Probabilmente la più bella trasposizione cinematografica di un romanzo di Stephen King, e probabilmente una delle regie più ispirate di quel Rob Reiner che già diresse l’indimenticabile Stand by me, guarda caso altro adattamento da King. Qualcosa vorrà dire. Misery è una specie di Elisa di Rivombrosa, protagonista di un ciclo di romanzi simil-Liaia, il cui autore decide di far morire, esausto di esserne dipendente. A nulla servono gli avvertimenti della sua agente (l’improvvisa presenza della divina Lauren Bacall). E allora ecco che si presenta, in tragiche circostanze, la sua più grande ammiratrice, una ex infermiera apparentemente pacioccona. Il resto lo si conosce, tanto celebre è diventato questo inquietantissimo e ansiogeno film in cui non c’è una sbavatura e tutto è architettato con ritmo e tensione.
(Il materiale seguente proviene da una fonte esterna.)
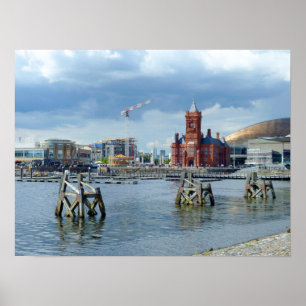 Poster Baie de Cardiff, Cardiff, Pays de Galles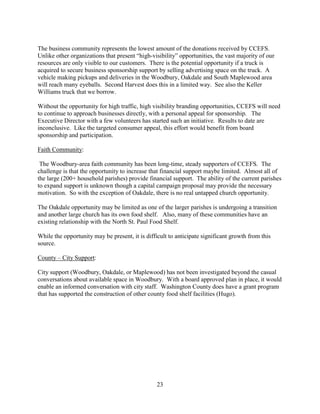 23
The business community represents the lowest amount of the donations received by CCEFS.
Unlike other organizations that present “high-visibility” opportunities, the vast majority of our
resources are only visible to our customers. There is the potential opportunity if a truck is
acquired to secure business sponsorship support by selling advertising space on the truck. A
vehicle making pickups and deliveries in the Woodbury, Oakdale and South Maplewood area
will reach many eyeballs. Second Harvest does this in a limited way. See also the Keller
Williams truck that we borrow.
Without the opportunity for high traffic, high visibility branding opportunities, CCEFS will need
to continue to approach businesses directly, with a personal appeal for sponsorship. The
Executive Director with a few volunteers has started such an initiative. Results to date are
inconclusive. Like the targeted consumer appeal, this effort would benefit from board
sponsorship and participation.
Faith Community:
The Woodbury-area faith community has been long-time, steady supporters of CCEFS. The
challenge is that the opportunity to increase that financial support maybe limited. Almost all of
the large (200+ household parishes) provide financial support. The ability of the current parishes
to expand support is unknown though a capital campaign proposal may provide the necessary
motivation. So with the exception of Oakdale, there is no real untapped church opportunity.
The Oakdale opportunity may be limited as one of the larger parishes is undergoing a transition
and another large church has its own food shelf. Also, many of these communities have an
existing relationship with the North St. Paul Food Shelf.
While the opportunity may be present, it is difficult to anticipate significant growth from this
source.
County – City Support:
City support (Woodbury, Oakdale, or Maplewood) has not been investigated beyond the casual
conversations about available space in Woodbury. With a board approved plan in place, it would
enable an informed conversation with city staff. Washington County does have a grant program
that has supported the construction of other county food shelf facilities (Hugo).
 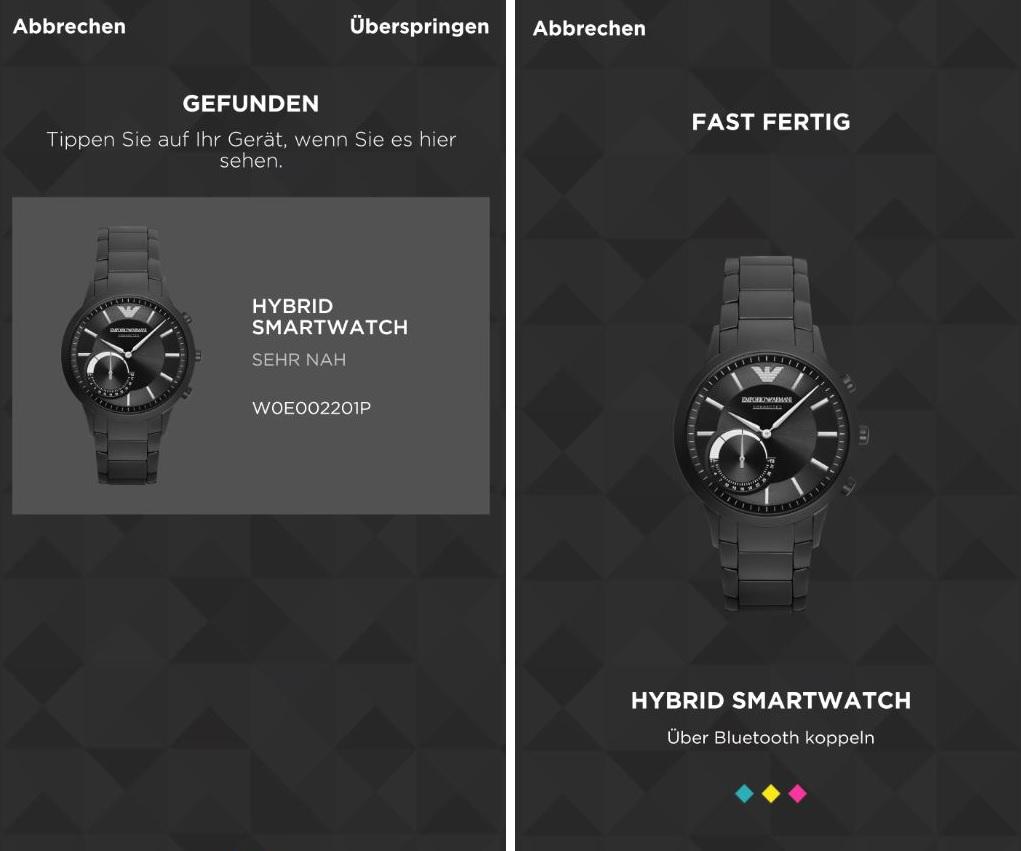 Emporio Armani Connected App Einrichtung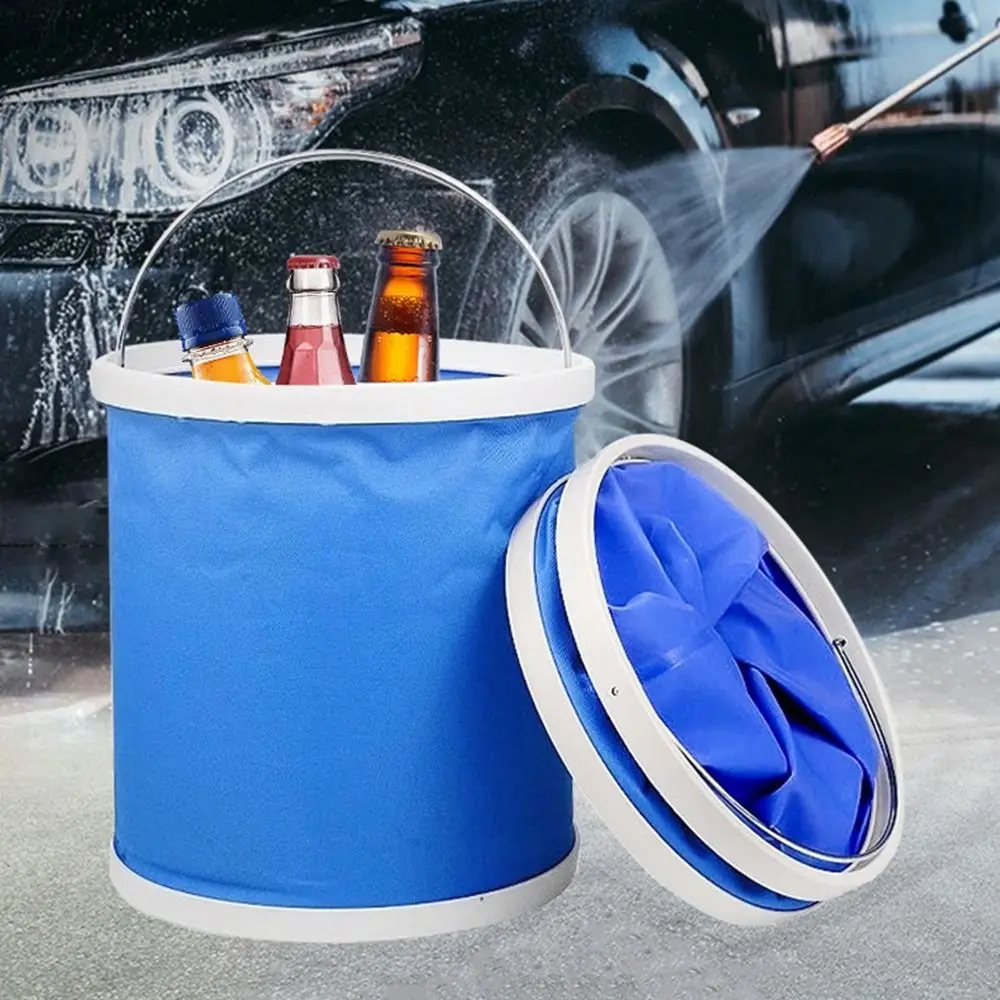 Oxford Cloth Folding Water Bucket Space Saving Water-Sprinkling Festival Car Folding Bucket with Handle Waterproof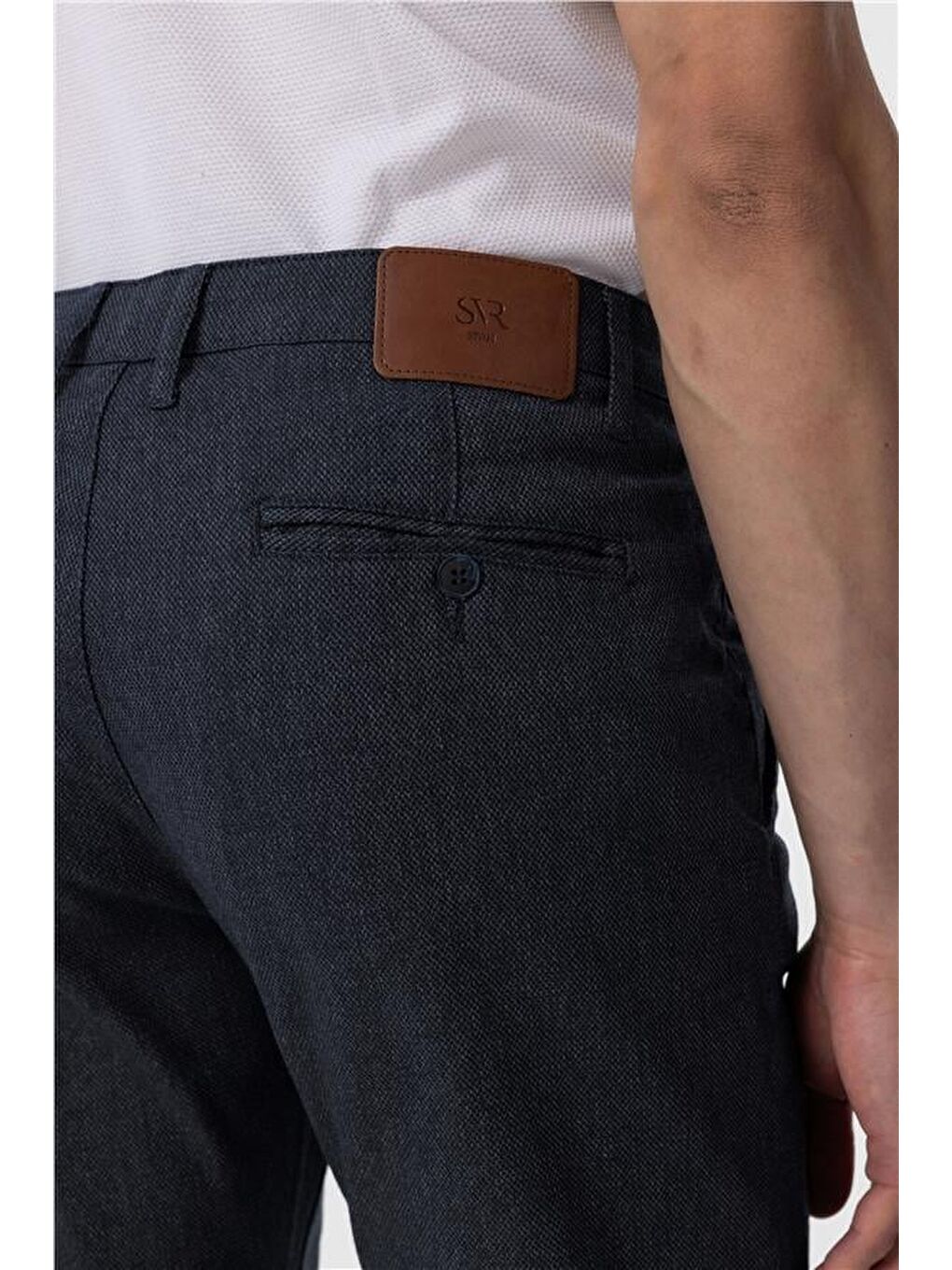 Lacivert Slim Armürlü Pantolon-4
Merito di una sceneggiatura pressoché infallibile di William Goldman che calibra con esperienza ed efficacia gli elementi fondamentali del racconto (si parte dal disincanto dello scrittore vittima del sistema che continua a essere vittima, ma di un prodotto del sistema, ossia una sua fan, e si arriva a inquietanti riflessioni sul rapporto tra autore e ammiratore, fino alla descrizione del terribile personaggio femminile e le relative ossessioni e ai tentativi di fuga dello scrittore; senza dimenticare la raffigurazione del glaciale paesaggio e delle artigianali indagini dello sceriffo) riuscendo a creare un mix irresistibile e di coinvolta paura. James Caan è al solito professionale e abbastanza sbigottito, ma il film appartiene tutto a una devastante e memorabile Kathy Bates, capace di conferire alla sua instabile Anne qualunque tipo di espressione, emozione, follia. È un film che invita caldamente ogni scrittore a evitare di creare personaggi seriali.